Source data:
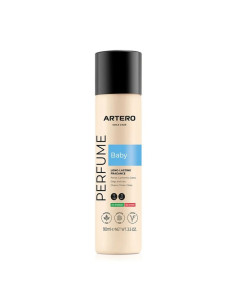Perfume Artero p/ Cachorros 90ml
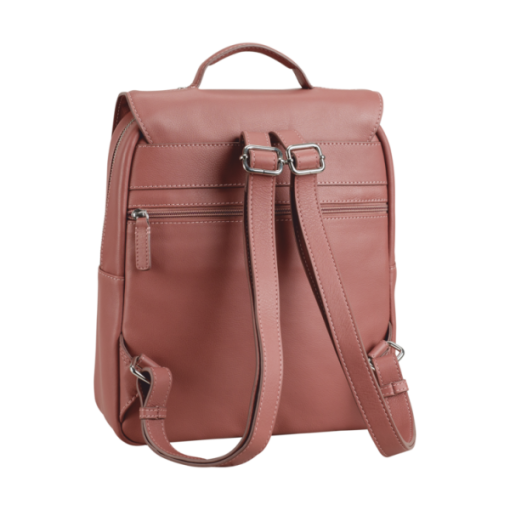 Corporatechic.shop7f0eb3b0ce 2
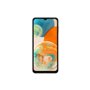 Samsung Galaxy A23 5G SM-A236B 16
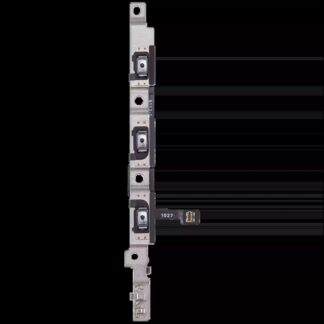 Lautstärke-Flexkabel für iPhone 16 Pro Max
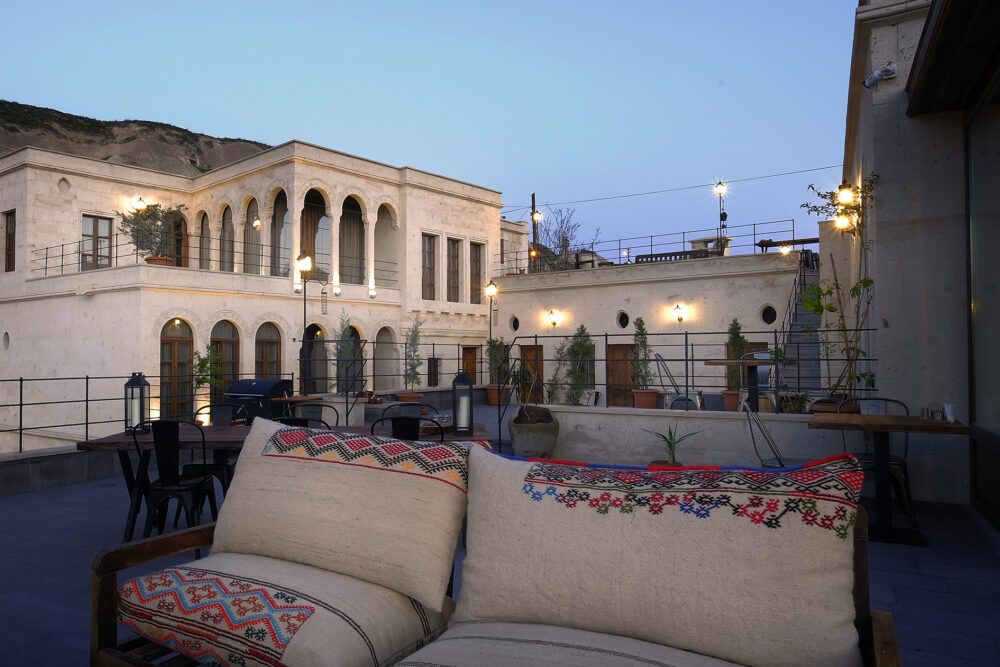 aya-kapadokya-veranda-S0018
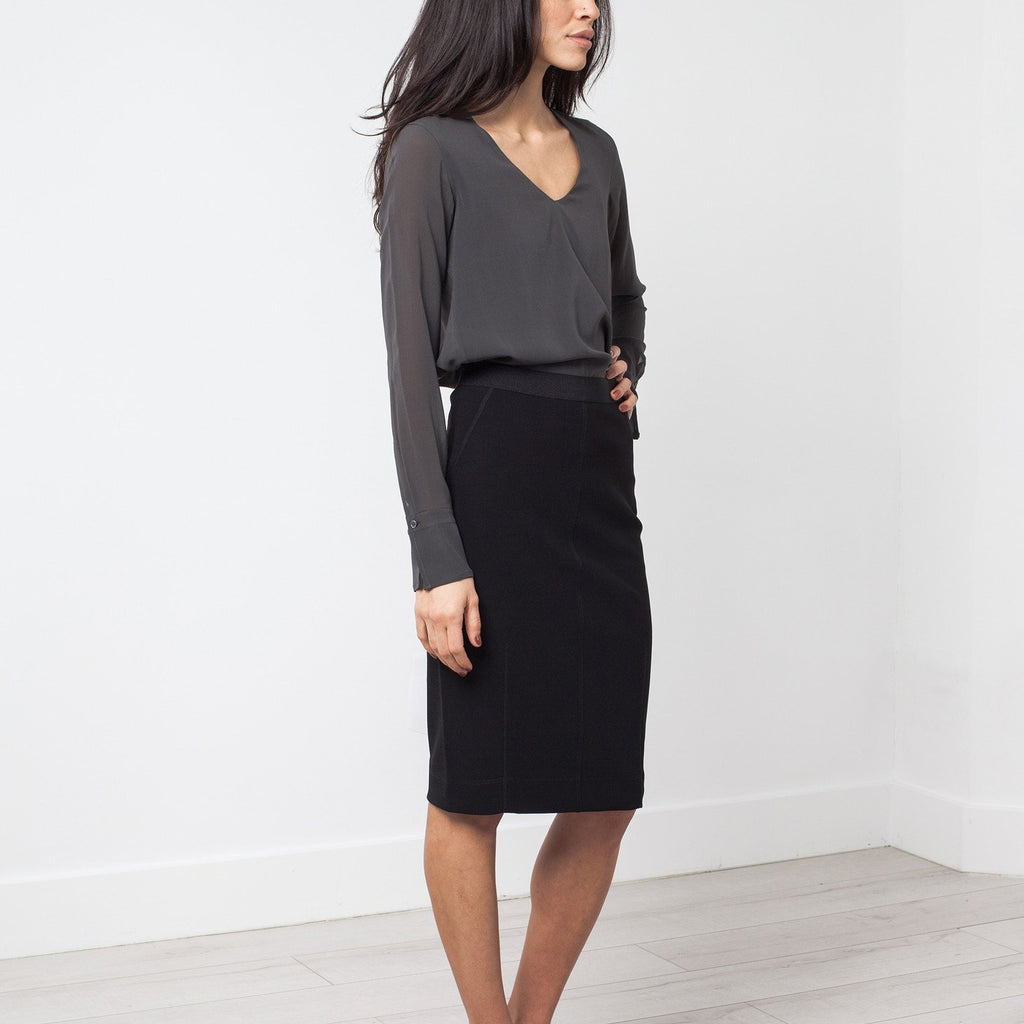 Polson Skirt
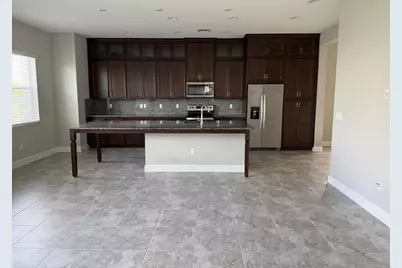 5383 Pecan Drive, Westlake, FL 33470 - Photo 3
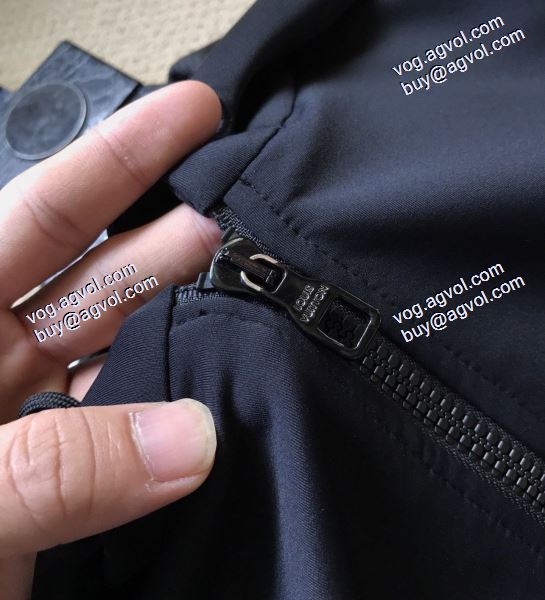 ファッション 人気2020秋冬新作ルイ ヴィトンコピー  LOUIS VUITTON コピー  ブルゾン
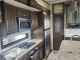 2018 GRAND DESIGN SOLITUDE 310GK | Image - 11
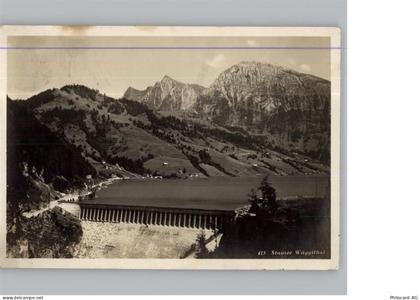 8858 Innerthal - 50333683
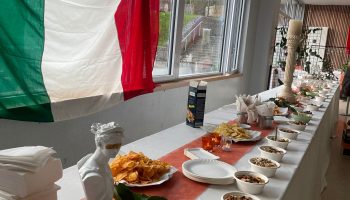 section-italienne-Buffet-it-2-Cocktail-2024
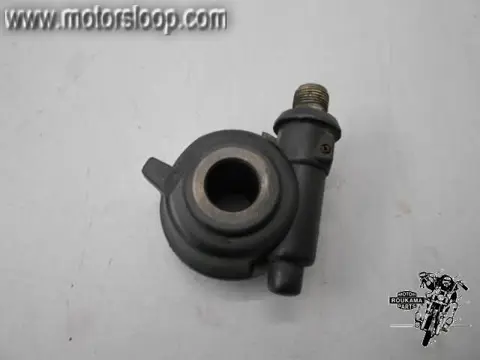 Cagiva W16 600 (2G) KM Opnemer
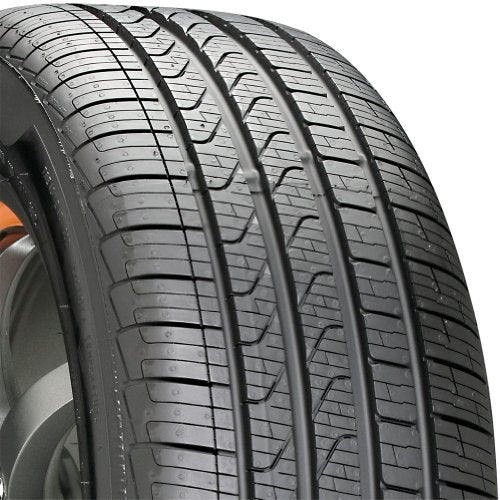 215/55R16 PIRELLI CINTURATO P7as+2 97H XL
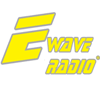 E-Wave-Radio (Шымкент)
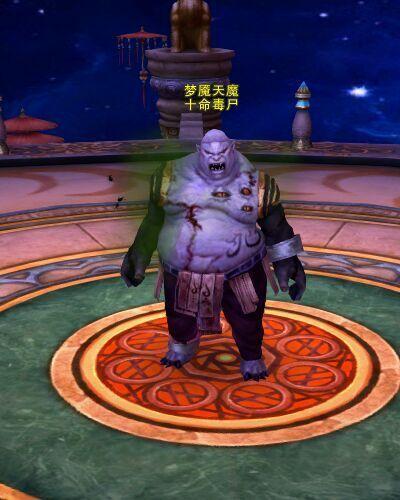 屍汉化版最新更新内容一览 新增玩法与优化细节全解析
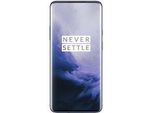 OnePlus 7 Pro 256GB - Blau - Ohne Vertrag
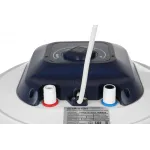 Водонагреватель ARISTON BLU1 R ABS 65 V Slim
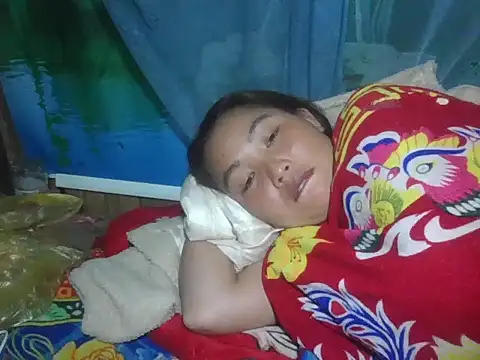 PhamPhung online show from September 24, 1:10 pm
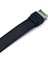 Usb3.2 GEN2X2 Kartı Hat Tipi-E Terminali Tip-C Ön C Ana 10G/20GBPS Düz Tel 50CM (Yurt Dışından) 4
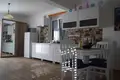Casa 4 habitaciones 331 m² Pecurice, Montenegro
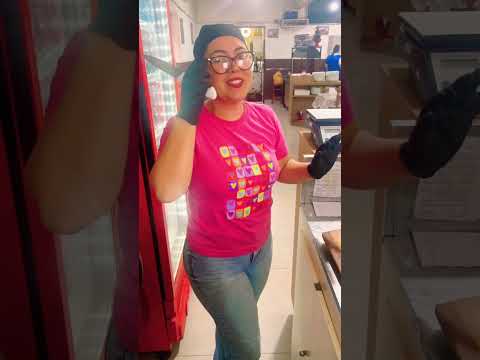 Restaurante Recreio #food #comidacaseira #minasgerais #shorts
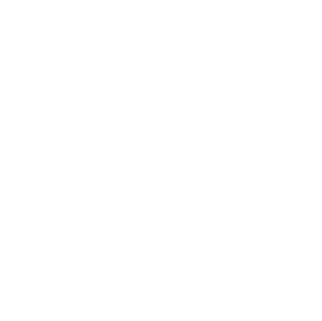 Rentvine Property Management Software Image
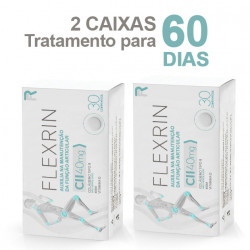FLEXRIN 60 dias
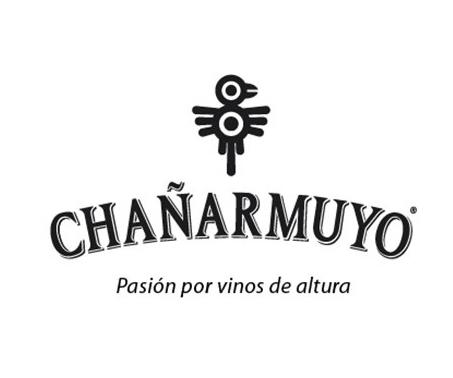 CHAÑARMUYO PASIÓN POR VINOS DE ALTURA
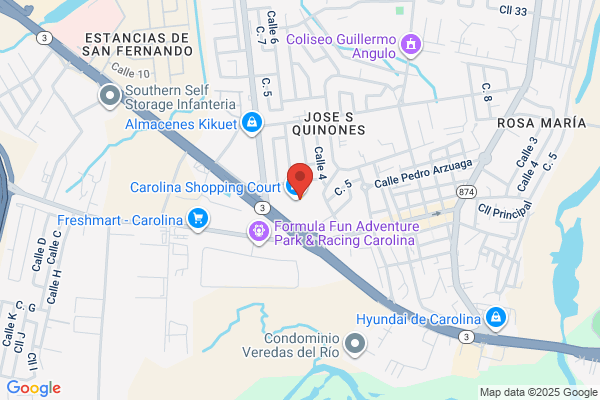 DOCOTRES EN OPTOMETRIA
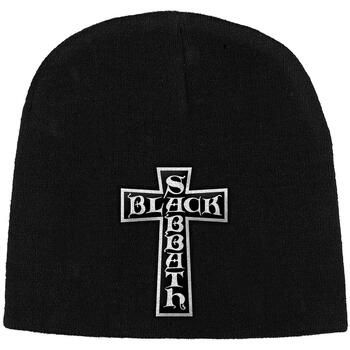 Black Sabbath Gorro RO9634 para hombre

Exercise prompt:
In the data above, find the line containing "aya-kapadokya-veranda-S0018" and the line containing "Cagiva W16 600 (2G) KM Opnemer". Copy exactly the stretch from the first through the second, both included, leaving out any picture.

Answer space:
 aya-kapadokya-veranda-S0018
 Polson Skirt
 5383 Pecan Drive, Westlake, FL 33470 - Photo 3
 ファッション 人気2020秋冬新作ルイ ヴィトンコピー  LOUIS VUITTON コピー  ブルゾン
 2018 GRAND DESIGN SOLITUDE 310GK | Image - 11
 8858 Innerthal - 50333683
 section-italienne-Buffet-it-2-Cocktail-2024
 Cagiva W16 600 (2G) KM Opnemer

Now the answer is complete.